## Instructions to follow
Please retype the records below exactly, leaving out any pictures.

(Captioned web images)
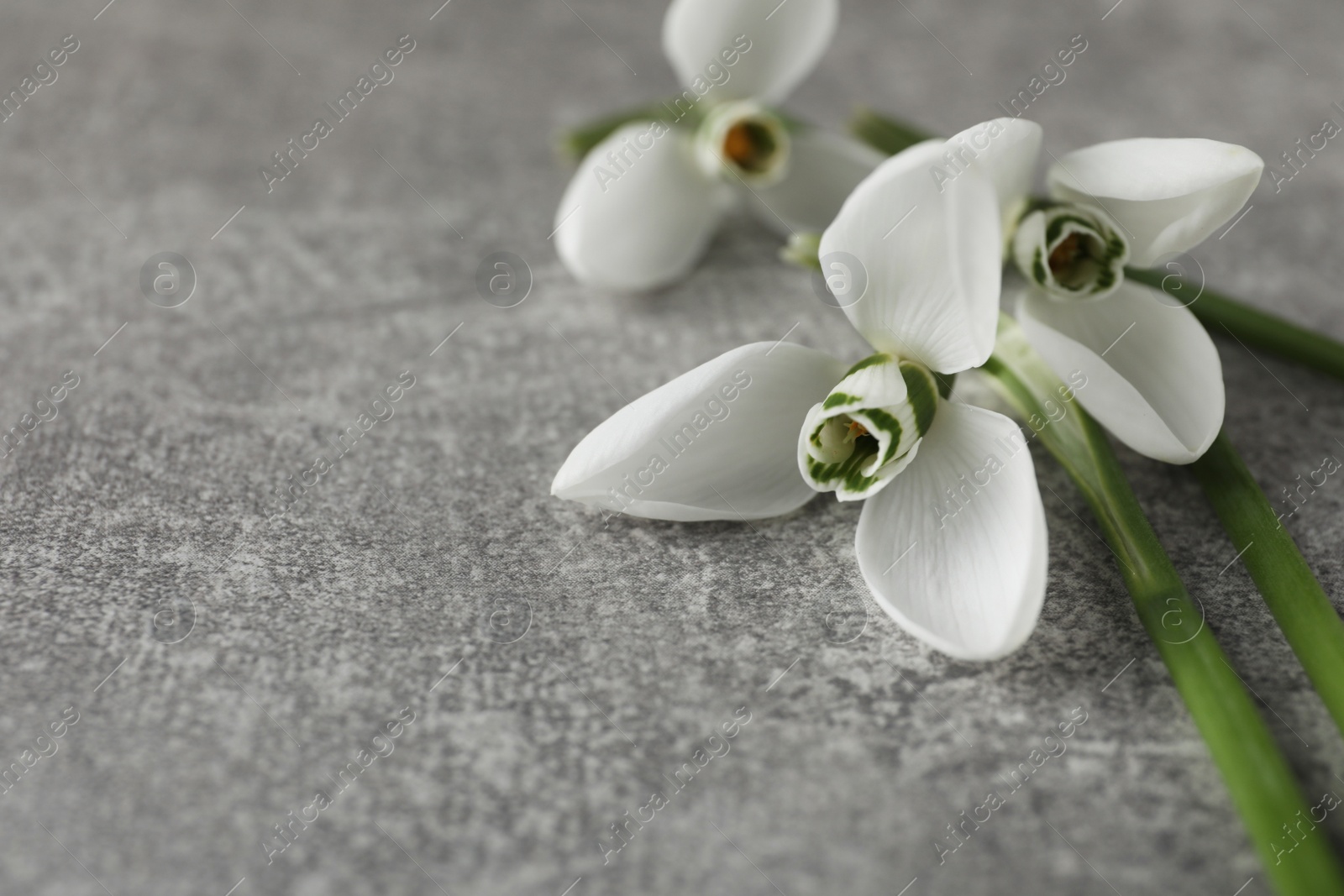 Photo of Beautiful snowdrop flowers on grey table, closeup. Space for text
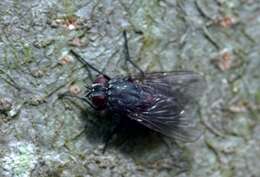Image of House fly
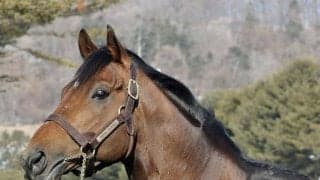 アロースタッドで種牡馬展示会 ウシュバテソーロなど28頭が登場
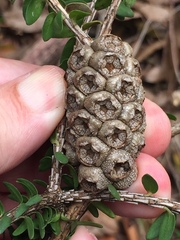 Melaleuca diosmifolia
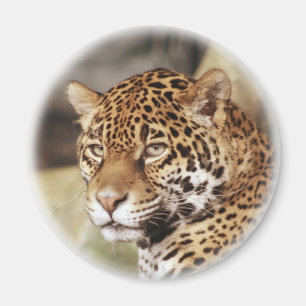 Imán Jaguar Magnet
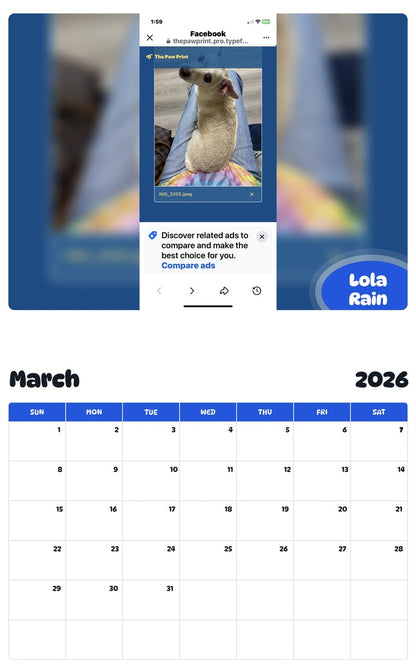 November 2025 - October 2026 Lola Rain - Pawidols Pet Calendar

## Answer area
 Photo of Beautiful snowdrop flowers on grey table, closeup. Space for text
Image of House fly
 アロースタッドで種牡馬展示会 ウシュバテソーロなど28頭が登場
 Melaleuca diosmifolia
 Imán Jaguar Magnet
 November 2025 - October 2026 Lola Rain - Pawidols Pet Calendar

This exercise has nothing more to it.